Gracias, señor cardenal, por las palabras con las que me habéis atestado los sentimientos filiales y afectuosos de toda la Comisión. Vuestra presencia a la cabeza de este organismo es garantía de que los pueblos pobres, pero ricos en humanidad, estarán en el centro de sus preocupaciones. Gracias a los hermanos obispos, gracias a todos vosotros, queridos amigos, que aportáis a la Comisión y me prestáis a mí vuestra competencia y experiencia humana y apostólica. Mi agradecimiento a todos los miembros de la Curia aquí presentes: gracias a vosotros, la dimensión de la promoción humana y social puede penetrar mejor en la actividad de los otros dicasterios; a cambio de ello, la actividad de la Comisión Iustitia et Pax se inserirá cada vez mejor en la misión global dé la Iglesia.

Vosotros sabéis bien hasta qué punto llegó el interés del Concilio y de mis predecesores por encuadrar la acción de la Iglesia en favor de la justicia, de la paz, del desarrollo y de la liberación, dentro de su misión evangelizadora.

Frente a confusiones que renacen continuamente, conviene no reducir la evangelización a sus frutos en favor de la ciudad terrena: la Iglesia tiene el deber ante los hombres de hacerles llegar hasta la fuente, hasta Jesucristo.

La Constitución Dogmática Lumen gentium sigue siendo ciertamente la "carta magna" conciliar: a su luz todos los otros textos adquieren su plena dimensión. En ella la Constitución Pastoral Gaudium et spes, y todo lo que ésta aconseja, no está desvalorizado, sino corroborado.

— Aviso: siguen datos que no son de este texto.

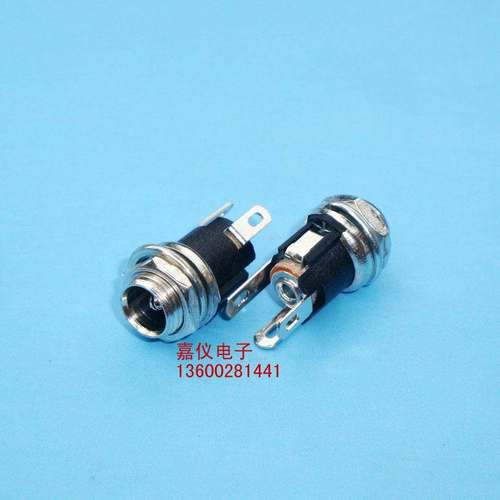 DC2.1*5.5电源插座 DC2.5*5.5电源插座 带螺母垫片电源母头 DIY用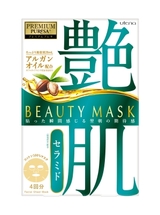 UTENA Premium Puresa Beauty Mask Разглаживающая маска для лица с растительными маслами и  церамидами (4 шт* 28мл)  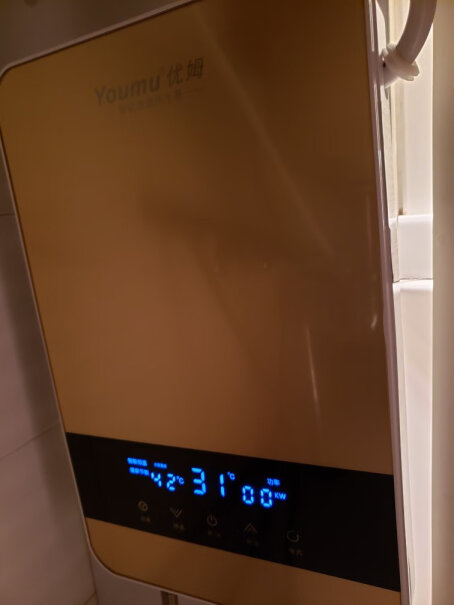 优姆Youmu新品即热式电热水器智能变频恒温请问冬天的出水温度能达到多少度呢？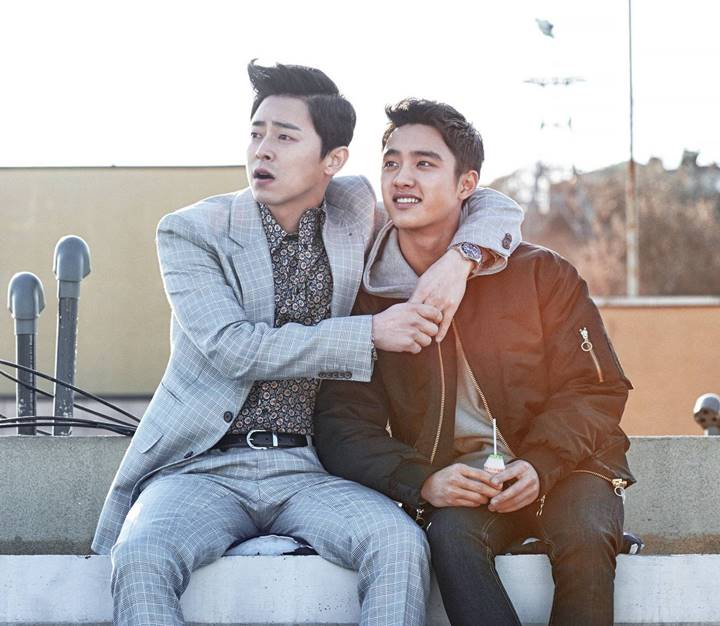 'My Annoying Brother'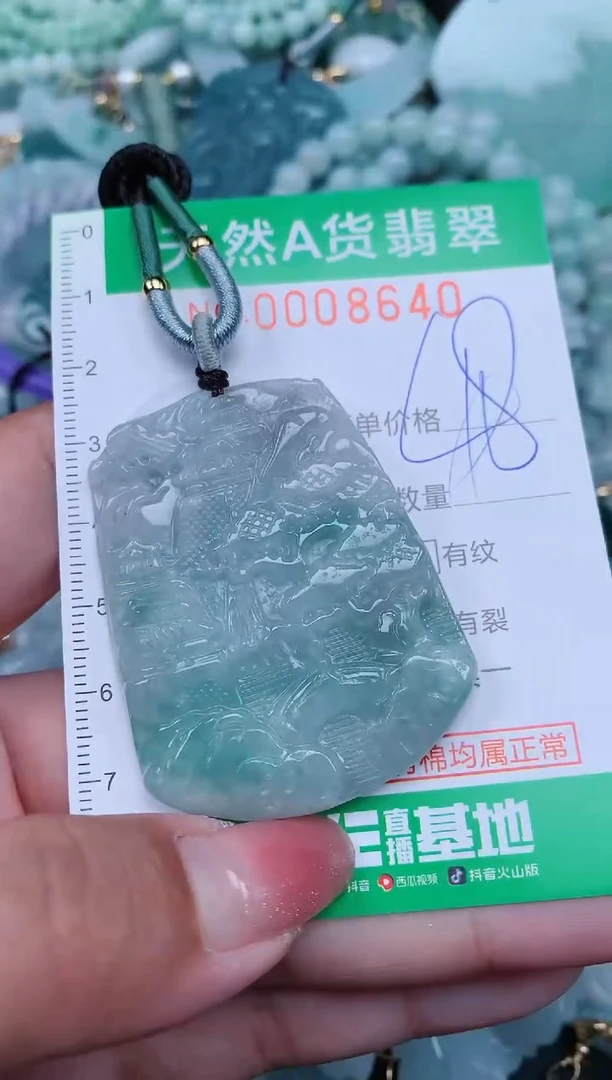 【闪购商品】翡翠颈饰未镶嵌.0008640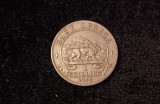 C50 - Moneda foarte veche - 1 shilling - Africa de Est - 1952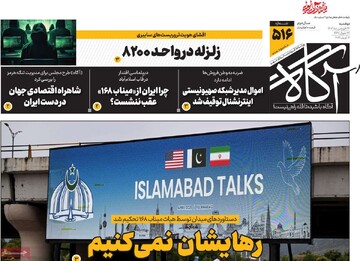 صفحه اول روزنامه‌های سه‌شنبه ۲۴ فروردین‌ماه ۱۴۰۵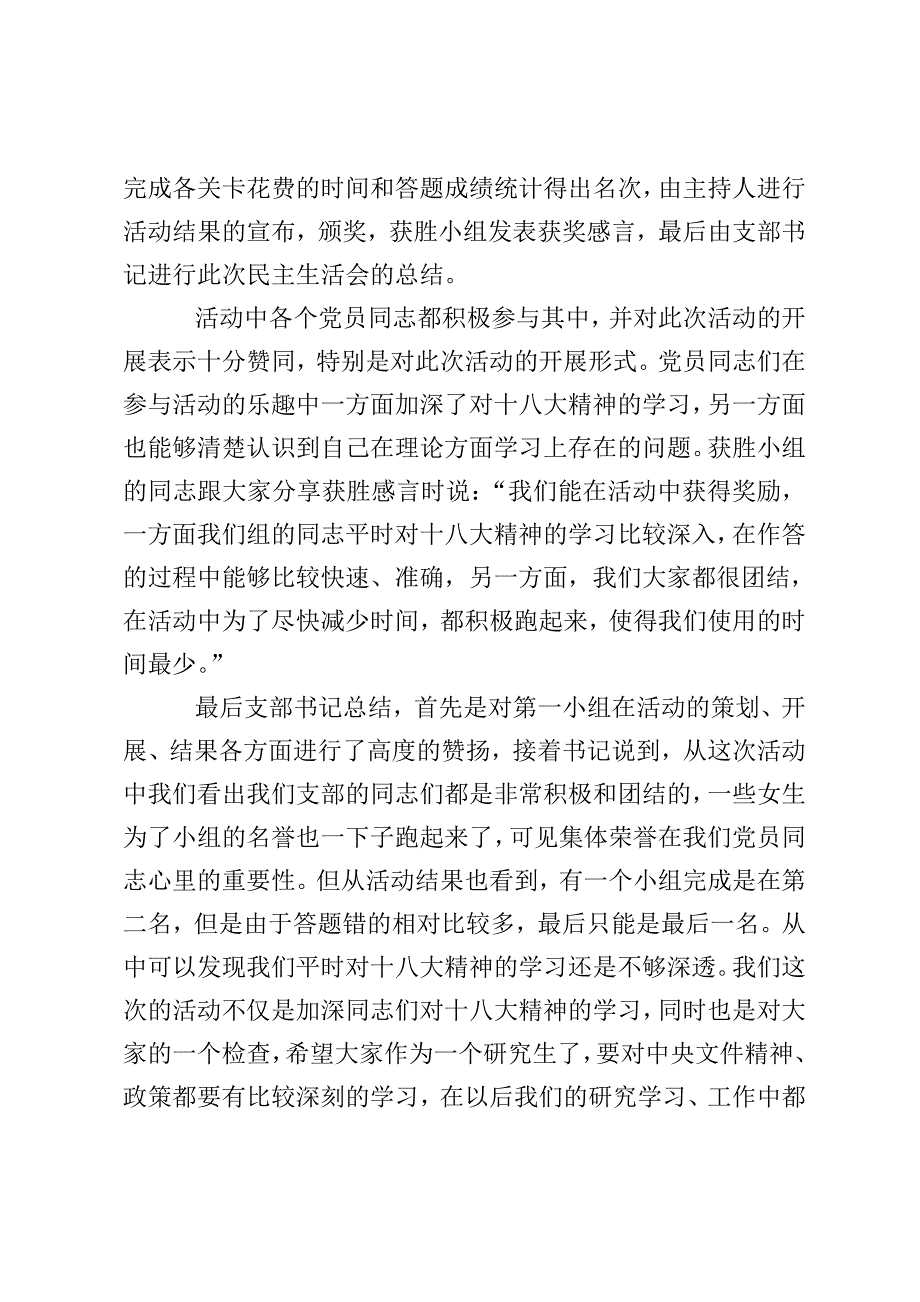 党组织活动总结2篇_第2页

En el nombre de Cristo os bendigo a vosotros y a vuestros colaboradores, a vuestros seres queridos y a vuestros países tan amados, sobre todo a los que sufren en la prueba. Volviendo al tema de la audiencia del miércoles pasado, diré que el Señor nos ayude y ayude a todos nuestros hermanos a comprometernos en los caminos de la justicia y de la paz.